Era una adolescente muy fea, pero quería mirar su graduación aunque fuera desde la distancia. Mi cara se disolvía anónima entre la multitud, él estaba en primera fila, pulcro y sonriente como siempre, de repente un gesto, un saludo. ¿Porqué habría de mirar a alguien como yo?
Se fué del pueblo. Yo admiraba su inteligencia y dedicación, su pasión inagotable y la perfección con la que hacía las cosas que amaba. No sé describir el sentimiento de las semanas posteriores a ello, me había maravillado que existiera una criatura de tanta belleza, sentía su ausencia como un agujero dentro del pecho.

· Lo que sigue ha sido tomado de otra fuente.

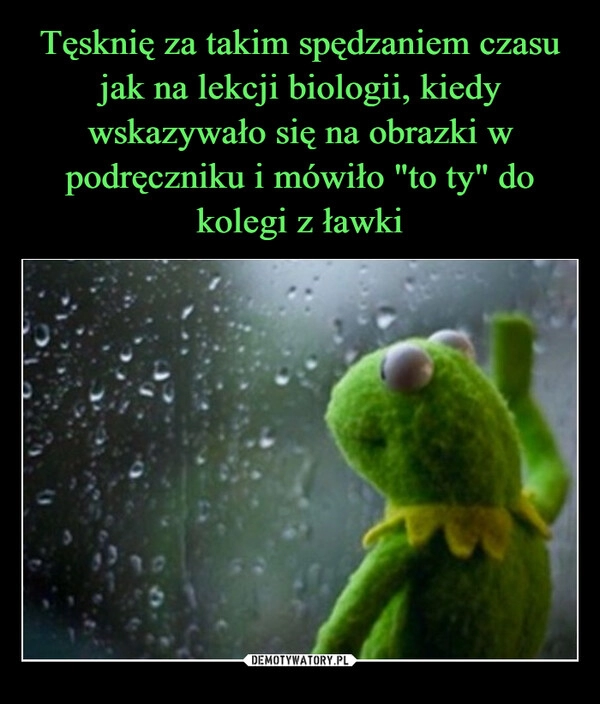 
    Tęsknię za takim spędzaniem czasu jak na lekcji biologii, kiedy wskazywało się na obrazki w podręczniku i mówiło "to ty" do kolegi z ławki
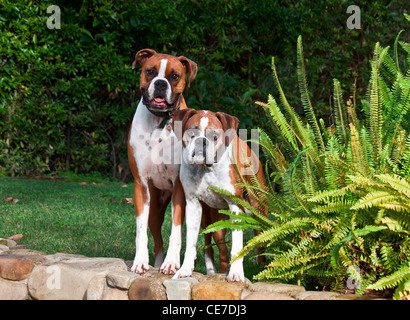 Due cani Boxer in piedi su una roccia di arenaria parete in un giardino Foto Stock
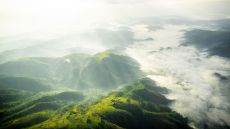 Aerial Sanctuary Gorilla Forest Camp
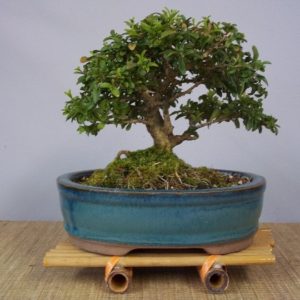 boxwood bonsai tree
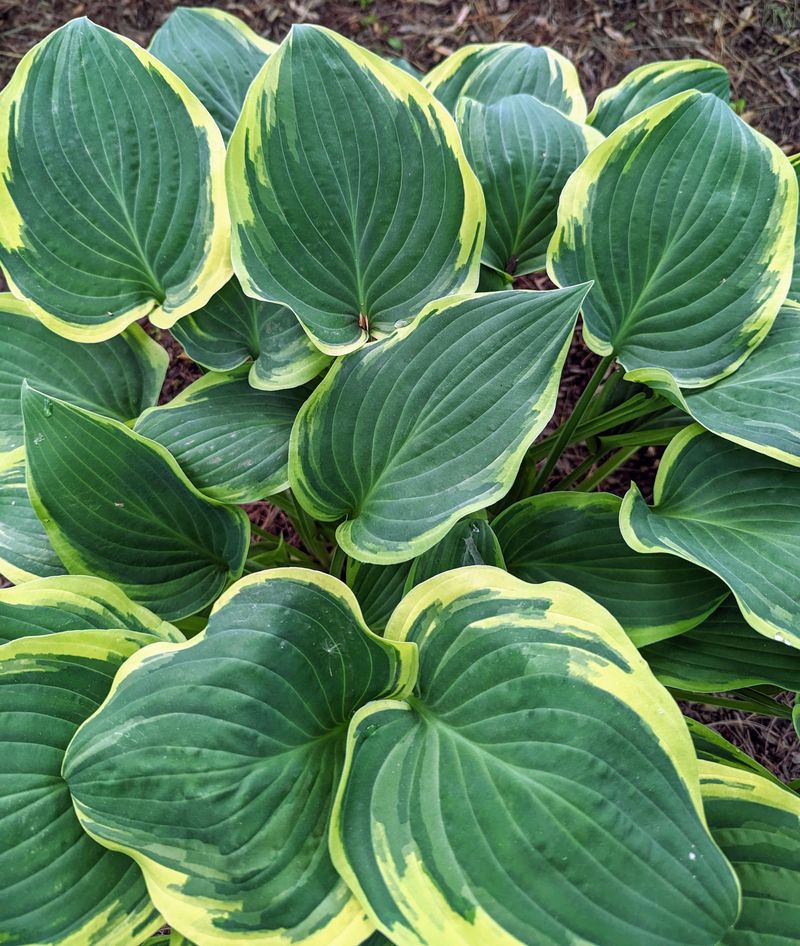 Hostas 🏆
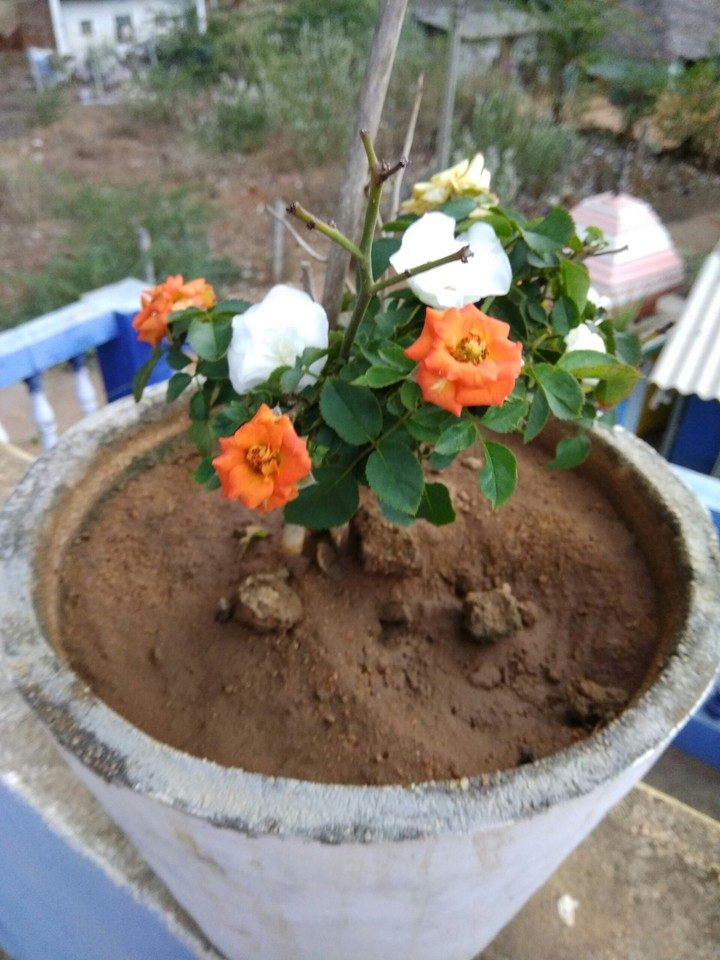 my  country  colour plant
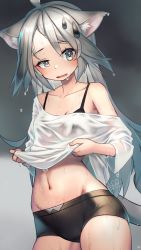 Rule 34 | 1girl, ahoge, animal ear fluff, animal ears, bikini, black bikini, blush, breasts, cat ears, cat girl, cat tail, collarbone, female focus, grey eyes, grey hair, highres, long hair, looking at viewer, mitake eil, navel, open mouth, original, shirt, signature, small breasts, solo, swimsuit, tail, uneven eyes, water drop, wet, wet clothes, wet shirt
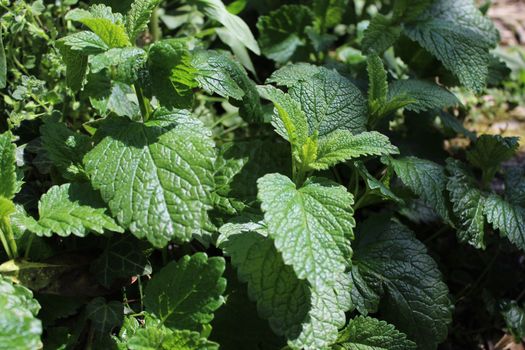 The picture lemon balm in the garden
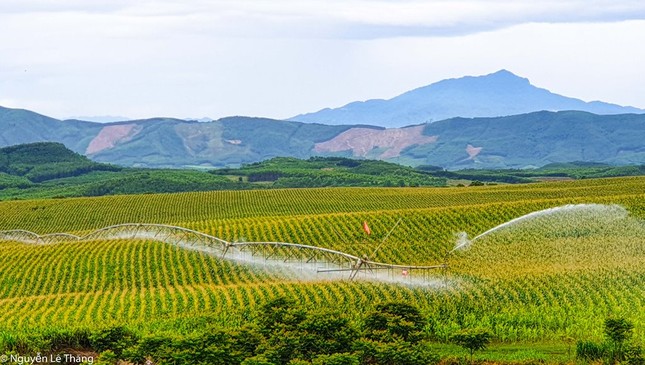 'Bông hoa' điển hình tiên tiến trên quê hương Bác ảnh 4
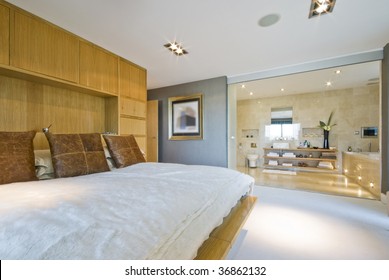 Large Luxury Penthouse Bedroom With En Suite Bathroom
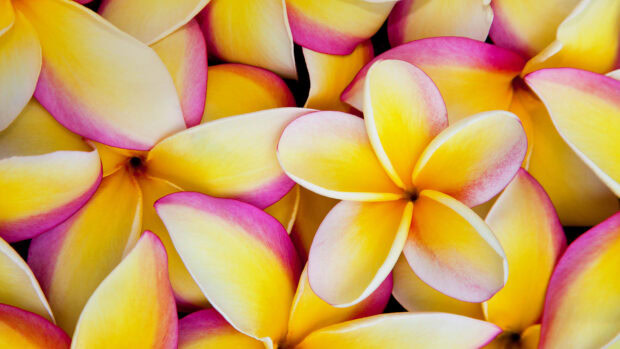 Close up of Hawaiian flower petals with yellow and pink colors forming a vibrant pattern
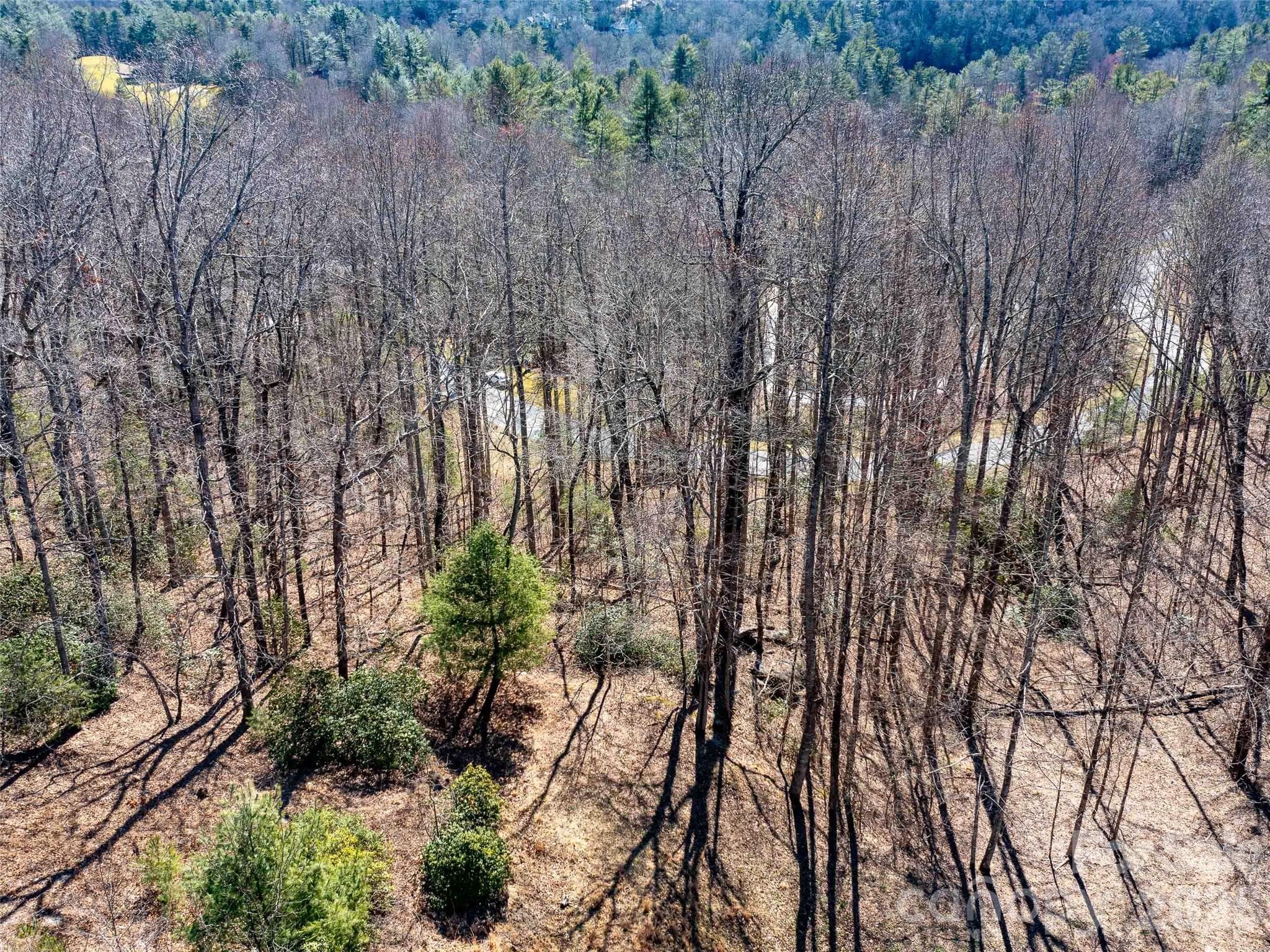 Lot at Hendersonville, photo 19 of 23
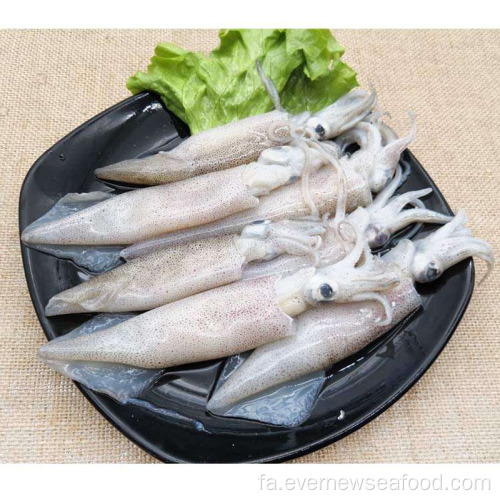 غذاهای دریایی منجمد لولیگو ژاپنی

Todo comenzó así, como una especie de macilla para reparar las heridas del amor. Pasaba horas y días completos solo dibujando cosas aparentemente intrascendentes como ranas, pájaros y niños en el mercado. Algo dentro de mi hizo un chispazo. Era quizá su pasión que se me había contagiado o algo propio que permanecía dormido. Mi papá dice que ha sido una época de mis peores dibujos, es difícil explicar que no es importante lo que haya detrás de una puerta que acaba de abrirse, sino que esa puerta quizá lleva a otra puerta y otra puerta que te translada a infinitas habitaciones y las habitaciones se convierten en un viaje y ese viaje te convierte en otra persona. Queda sólo un dibujo de ese mes en el comedor de la casa de mis papás. Dice él que me lo cambia por una de las acuarelas nuevas, que es un dibujo muy feo pero cada vez que paso por ese rincón oculto del comedor no puedo evitar tener una sonrisa y recordar la quemadura de ese relámpago que no se desvanece, esa pasión que el tiempo no desdibuja.